Critiques filtrées sur 5 étoiles  
Voir un film est une chose, lire le livre qui l'a inspiré en est une autre… tout à fait indispensable !

Au cinéma, Atiq Rahimi a beaucoup épuré l'histoire, en a retiré plusieurs épisodes mais voir son très beau film, avant de lire le roman de Scholastique Mukasonga, m'a permis de visualiser scènes et paysages. Par contre, la lecture m'a aidé à comprendre certaines situations à peine suggérées à l'écran.
Lorsque Notre-Dame du Nil est sorti en librairie, en 2012, j'avais vu l'autrice en parler et je m'étais promis de lire son roman, ce que je viens de faire enfin ! Les Prix Ahmadou-Kourouma (Salon international du livre et de la presse de Genève) et Renaudot l'avaient justement récompensé.
Ce que raconte Scholastique Mukasonga sur son pays est troublant car elle permet de comprendre que le génocide des Tutsi au Rwanda, en 1994, n'était pas une première, un terrible épisode unique. Déjà, en 1959, puis en 1963, une épuration dite ethnique avait eu lieu et ici nous ne sommes qu'en 1973.
Les Hutu, en majorité cultivateurs, se disent peuple majoritaire, paysans dominés par les Tutsi, plutôt éleveurs mais dont certains sont riches. Déjà écartés des principaux postes, les Tutsi subissent la loi des quotas – par exemple, 10 % d'élèves Tutsi au lycée – et les Hutus veulent encore se venger, poursuivre l'horrible épuration des années précédentes, traitant leur frères d'Inyenzi, de cafards, pour pouvoir les détruire.
Scholastique Mukasonga raconte l'histoire de ce lycée pour jeunes filles de la haute société. S'inspirant de ce qu'elle a elle-même vécu, elle imagine cet établissement construit spécialement près d'une des sources du Nil, à 2 500 m d'altitude. Elle émaille son récit de quantité de mots de la langue du pays, le kinyarwanda, alors que le swahili est écarté par les Hutu parce que parlé par des musulmans. Surtout, elle fait bien comprendre que ce sont les Blancs, les colons, qui se sont évertués à créer des races parmi les indigènes qu'ils rencontraient et traitaient avec beaucoup de condescendance. Des mesures, des arguments pseudo-scientifiques étayaient leurs théories et nous savons tout le mal, tous les morts que de telles classifications ont causés un peu partout dans le monde.
Alors, j'ai suivi ces jeunes filles comme Gloriosa, Goretti, Immaculée, Godelive, Frida, Veronica, Virginie, principales protagonistes d'une histoire tragique plongée dans les traditions d'un peuple, perverti par les Blancs, qu'il ne cesse de vouloir imiter.
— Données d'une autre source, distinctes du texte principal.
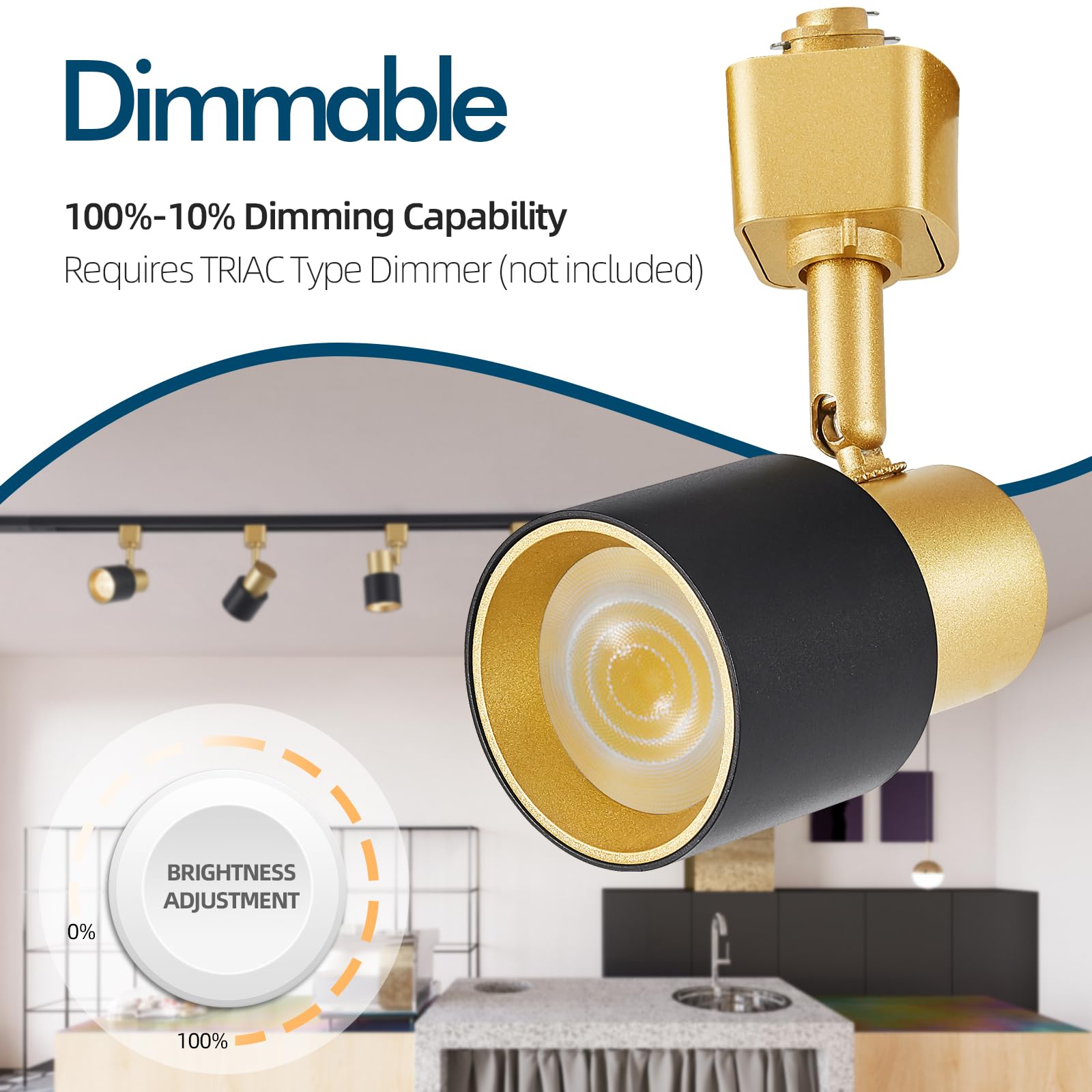 AIBISOD 10W Dimmable LED Track Lighting Heads, Warm White 3000K, 4 Pack, Black Gold, Flicker Free, CRI90+, 900lm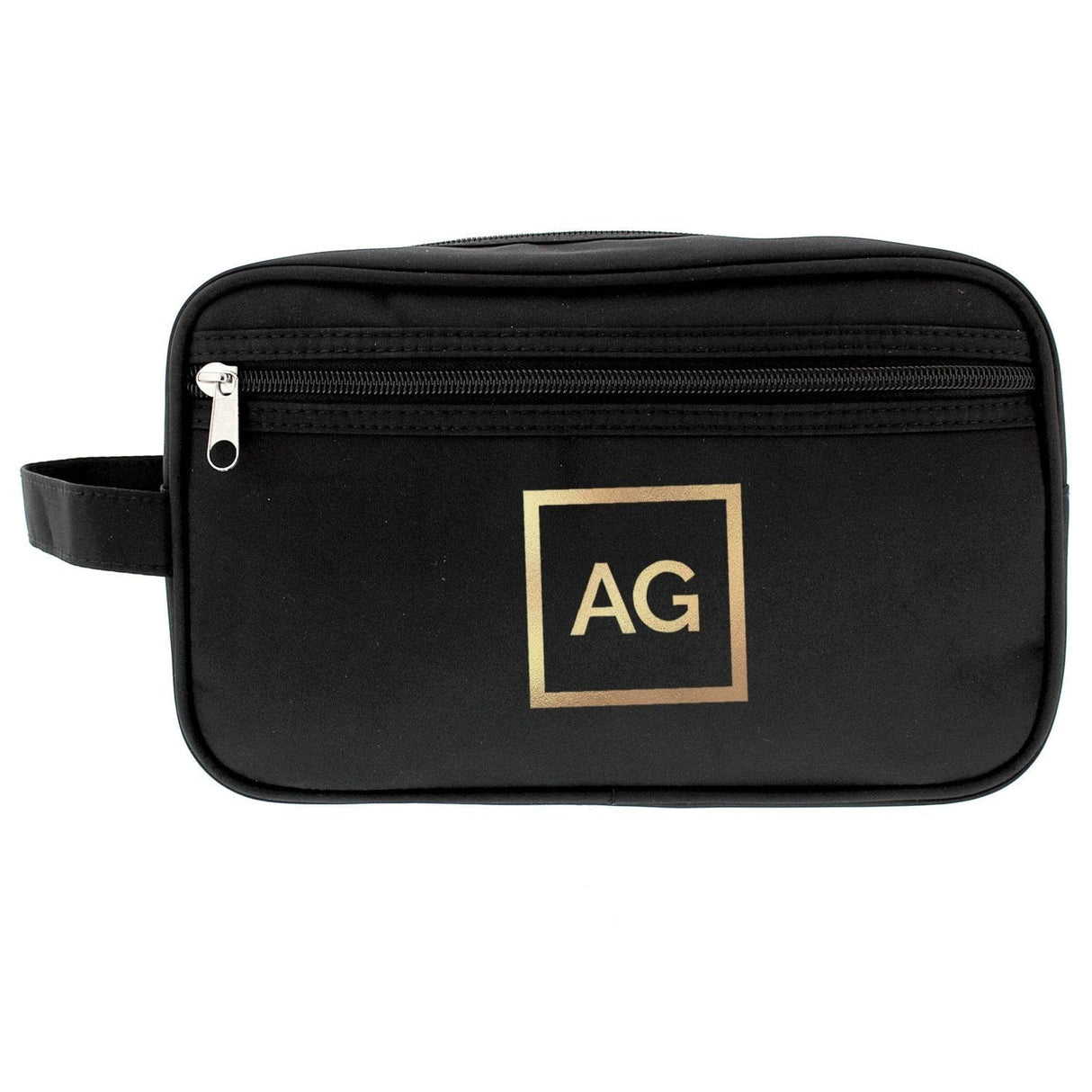 Personalised Gold Initials Black Toiletry Bag - Shop Toiletry & Makeup Bags At Gift Moments - 4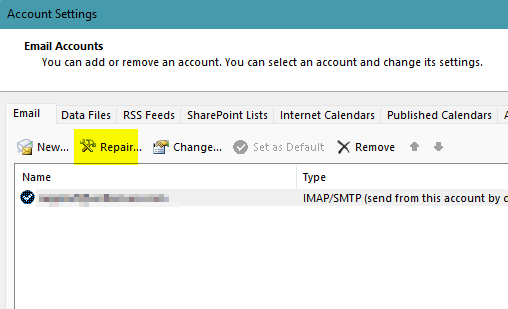 select the email and click repair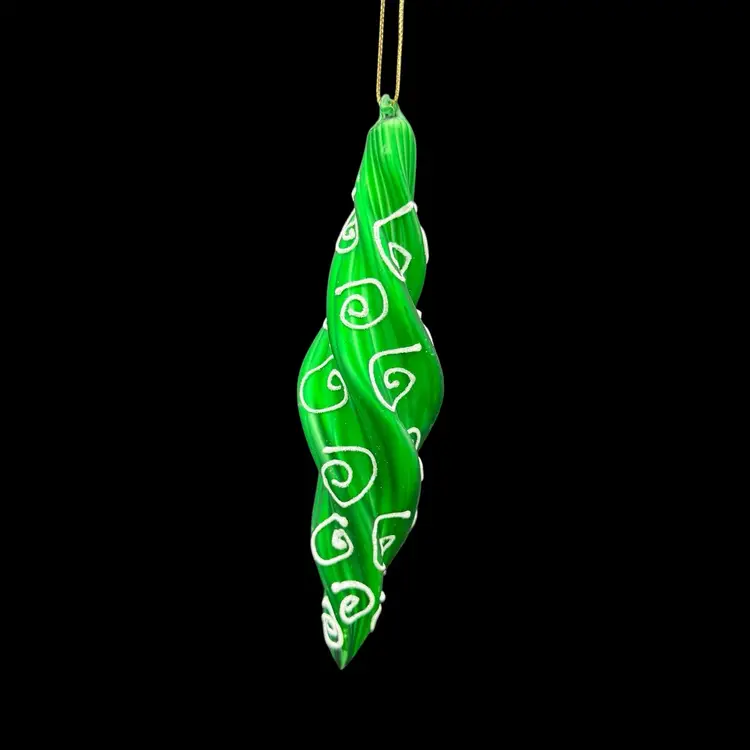 Mixed Lot Green Christmas Ornaments - 3 Blown Glass Glitter 1 Bulbous 2 Twist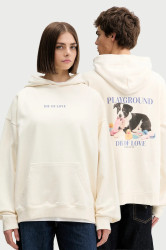 Bavlněná mikina Kaotiko béžová barva, s kapucí, s potiskem, AR057-01-G002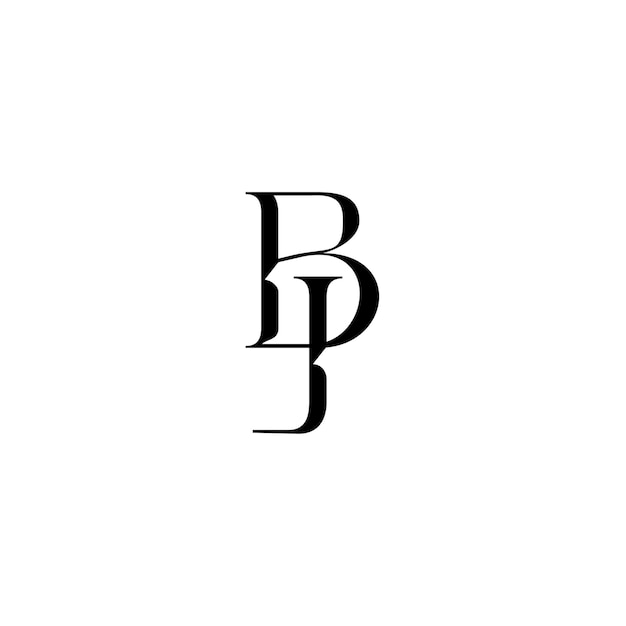 BJ Monogram Logo Design letra texto nombre símbolo monocromo logotipo alfabeto carácter simple logo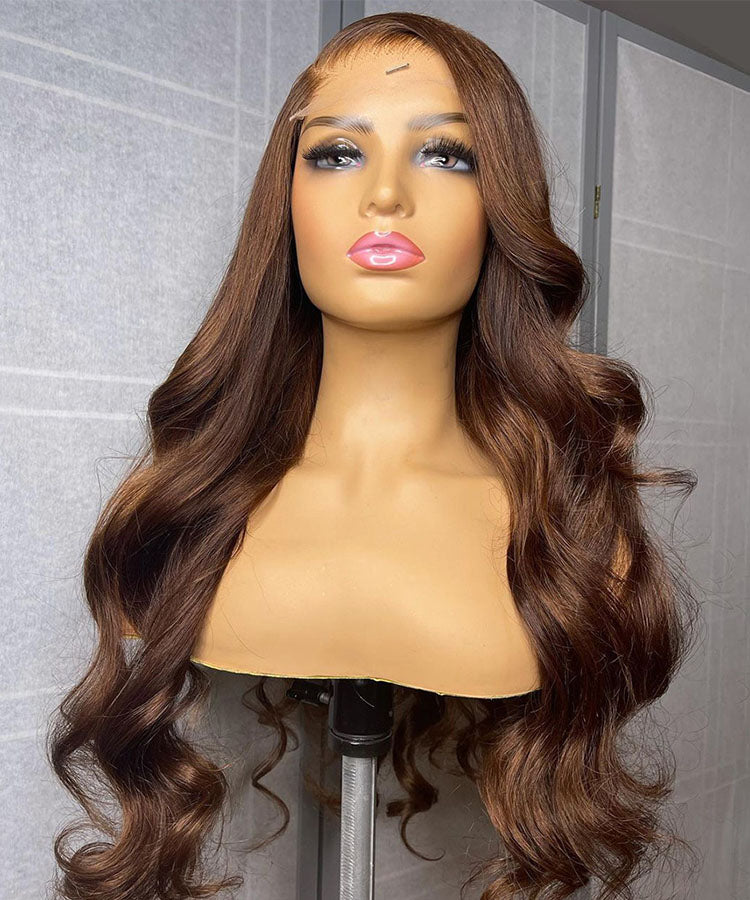 #4 Dark Brown Body Wave Wig 13x4 HD Lace Front Colored Human Hair Wigs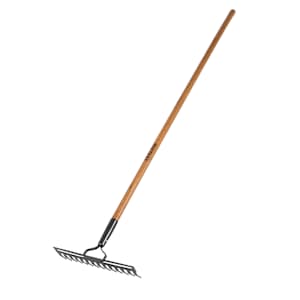 NEKTRA PRO 14-Tine Steel Level Rake with Wooden Handle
Je précise que les vrais prénoms de ces filles sont bien différents mais il leur faut un prénom plus européen pour l'école…
Le lycée est catholique, religion imposée, dirigée par une mère supérieure et un aumônier hutu, un pervers, qui ne fait qu'attiser les haines. Parmi les profs, trois coopérants français sont bien pâlots, sauf M. Legrand qui fait sensation avec ses longs cheveux blonds. Je dois aussi citer M. de Fontenaille, sorte d'illuminé qui a tenté de faire fortune dans le café et qui s'obstine à relier l'histoire des Tutsi à la Haute-Égypte.
J'ajoute enfin que j'ai apprécié l'épisode des gorilles, absent du film, très instructif pour le rapport des Rwandais avec la nature et la vie sauvage.

Notre-Dame du Nil est un roman superbement écrit, passionnant, instructif, précieux pour l'Histoire mais que c'est dur de constater tous les dégâts causés par nous, les Européens, sur le continent africain, en croyant apporter la civilisation alors que nous ne faisions que détruire celle qui existait.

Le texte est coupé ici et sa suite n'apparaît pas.